:: Material for this task ::
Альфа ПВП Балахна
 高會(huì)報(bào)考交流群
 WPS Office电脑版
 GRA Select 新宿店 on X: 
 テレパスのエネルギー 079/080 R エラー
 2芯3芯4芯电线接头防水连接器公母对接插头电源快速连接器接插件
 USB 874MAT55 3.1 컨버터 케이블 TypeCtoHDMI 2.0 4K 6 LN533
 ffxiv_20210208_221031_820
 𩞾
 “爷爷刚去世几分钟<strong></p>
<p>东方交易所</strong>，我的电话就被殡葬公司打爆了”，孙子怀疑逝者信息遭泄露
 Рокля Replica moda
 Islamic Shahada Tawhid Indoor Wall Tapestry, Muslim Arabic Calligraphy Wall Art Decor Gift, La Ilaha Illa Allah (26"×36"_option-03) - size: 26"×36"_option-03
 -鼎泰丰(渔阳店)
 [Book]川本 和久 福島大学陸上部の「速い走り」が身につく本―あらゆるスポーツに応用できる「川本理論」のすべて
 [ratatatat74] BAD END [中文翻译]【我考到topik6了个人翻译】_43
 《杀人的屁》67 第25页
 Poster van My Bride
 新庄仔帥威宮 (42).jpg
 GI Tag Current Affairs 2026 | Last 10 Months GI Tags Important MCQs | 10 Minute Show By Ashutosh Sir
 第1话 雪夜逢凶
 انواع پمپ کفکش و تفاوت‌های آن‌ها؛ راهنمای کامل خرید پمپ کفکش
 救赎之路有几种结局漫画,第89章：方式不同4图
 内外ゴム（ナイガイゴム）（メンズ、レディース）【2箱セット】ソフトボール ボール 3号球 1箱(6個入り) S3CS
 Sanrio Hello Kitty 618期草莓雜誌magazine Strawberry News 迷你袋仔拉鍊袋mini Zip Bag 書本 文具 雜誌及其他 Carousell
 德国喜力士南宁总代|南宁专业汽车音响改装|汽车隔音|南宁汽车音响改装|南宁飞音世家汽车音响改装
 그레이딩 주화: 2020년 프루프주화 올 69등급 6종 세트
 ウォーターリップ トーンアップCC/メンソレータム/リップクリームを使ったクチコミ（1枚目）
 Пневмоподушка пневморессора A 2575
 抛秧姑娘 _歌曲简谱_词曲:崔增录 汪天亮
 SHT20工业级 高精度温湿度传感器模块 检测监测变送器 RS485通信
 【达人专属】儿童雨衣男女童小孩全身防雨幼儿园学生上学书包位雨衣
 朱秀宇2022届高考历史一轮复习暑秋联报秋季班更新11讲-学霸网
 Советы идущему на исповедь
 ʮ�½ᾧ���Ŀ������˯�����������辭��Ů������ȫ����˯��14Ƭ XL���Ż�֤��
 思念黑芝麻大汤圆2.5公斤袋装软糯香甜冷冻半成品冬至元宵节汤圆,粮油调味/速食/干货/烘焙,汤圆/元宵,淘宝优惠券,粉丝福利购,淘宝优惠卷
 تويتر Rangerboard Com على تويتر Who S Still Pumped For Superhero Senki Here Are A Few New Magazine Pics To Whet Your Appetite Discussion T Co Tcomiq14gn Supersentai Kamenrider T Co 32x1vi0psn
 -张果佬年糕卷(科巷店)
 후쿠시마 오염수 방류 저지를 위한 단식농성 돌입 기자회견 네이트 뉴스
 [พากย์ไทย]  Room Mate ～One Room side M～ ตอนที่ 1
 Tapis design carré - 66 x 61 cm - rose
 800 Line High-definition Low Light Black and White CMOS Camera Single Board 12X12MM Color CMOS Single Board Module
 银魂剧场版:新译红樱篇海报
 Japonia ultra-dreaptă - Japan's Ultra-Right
:::
* _Prompt_
Where does "strong" appear in the listing? Show every line that has it.

* _Solution to the exercise_
 “爷爷刚去世几分钟<strong></p>
<p>东方交易所</strong>，我的电话就被殡葬公司打爆了”，孙子怀疑逝者信息遭泄露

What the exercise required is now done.